L’exemple américain, si boiteux soit-il, dont aimeraient s’inspirer certains libéraux devrait les faire réévaluer leur impatience. L’élan de popularité de Kamala Harris est déjà en train de s’essouffler. La faveur populaire de Pierre Poilievre en revanche reste stable, mais les impressions négatives à son endroit ont augmenté de 5 points en l’espace d’à peine un mois (40 % des répondants d’Abacus, contre 39 % qui en ont une image positive).
Les libéraux ont raison d’être anxieux. Renverser la tendance inéluctable est un défi de taille. Décrocher un quatrième mandat de suite serait inédit depuis le début du siècle dernier.

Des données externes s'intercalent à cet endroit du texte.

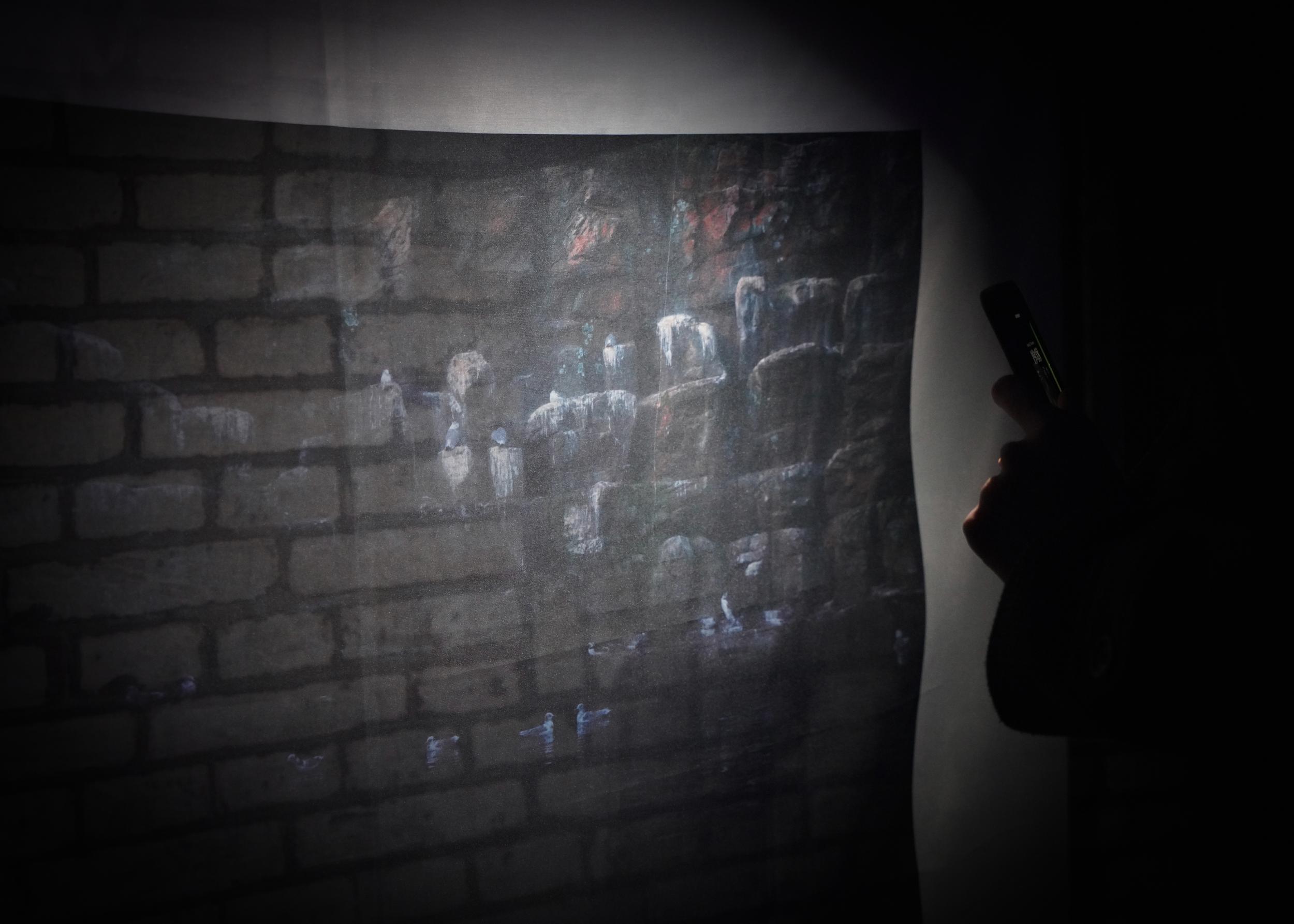 I’ve Never Heard a Swan Song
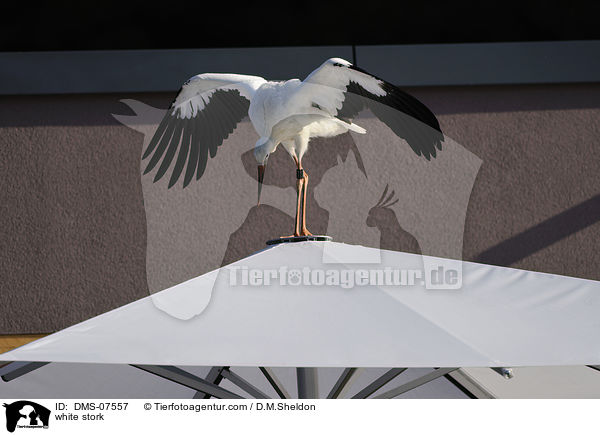 Weistorch / white stork / DMS-07557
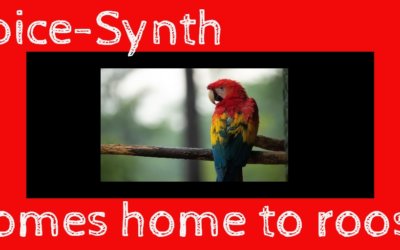 Polly Want a Crack at VO?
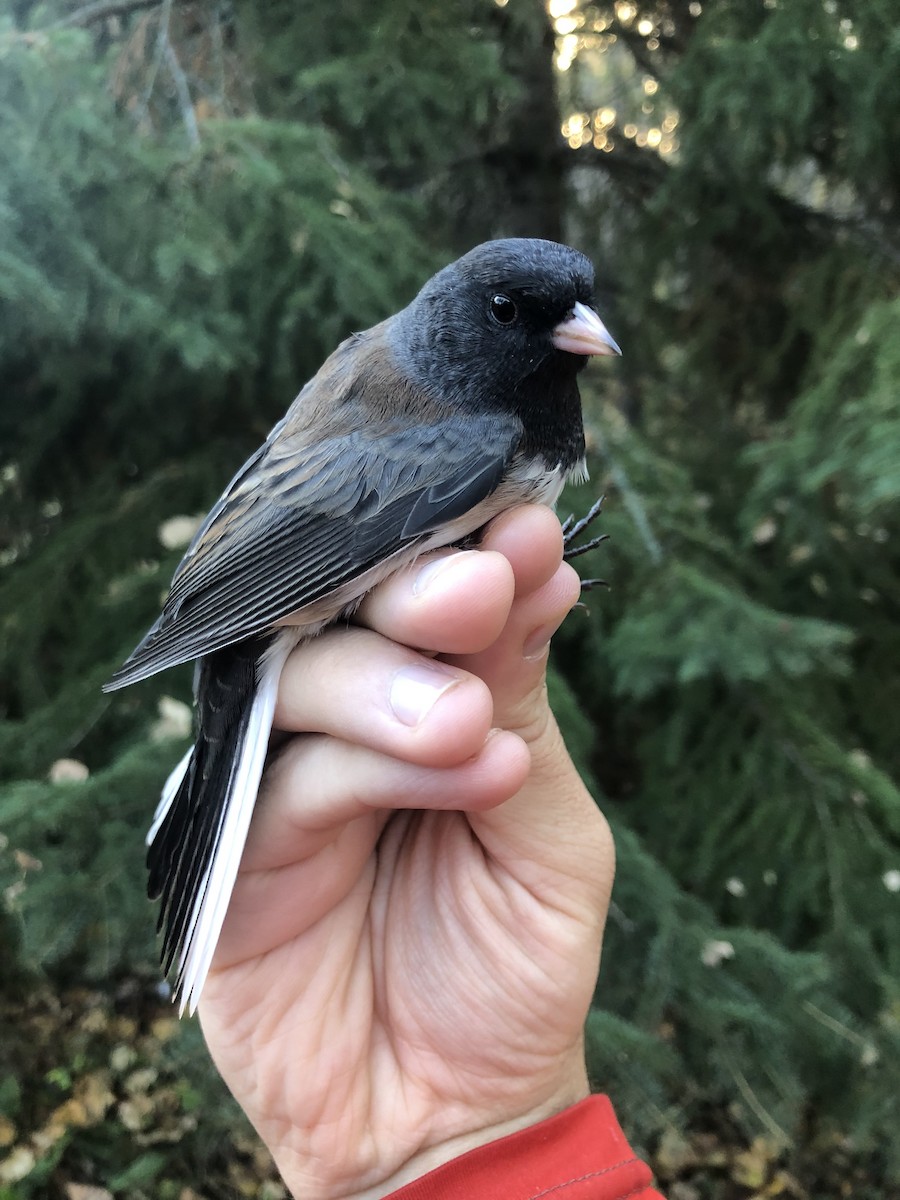 Dark-eyed Junco (Oregon) - ML624222034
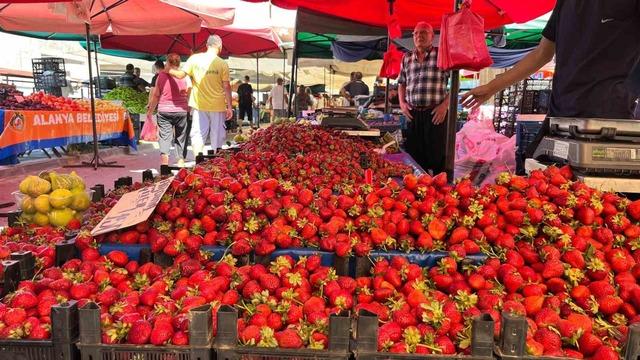 Alanya semt pazarında pazarcının terazisi güven verdi, fazlası çıktı eksiği çıkmadı 5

S’ils veulent sauver leur sort et pouvoir espérer rattraper Pierre Poilievre — ou à tout le moins limiter la défaite —, les élus libéraux devraient d’abord s’affairer à consolider leur legs progressiste menacé. Ce qui passe avant tout par le fait de gouverner plutôt que de s’entre-déchirer.
Ce texte fait partie de notre section Opinion. Il s’agit d’un éditorial et, à ce titre, il reflète les valeurs et la position du Devoir telles que définies par son directeur en collégialité avec l’équipe éditoriale.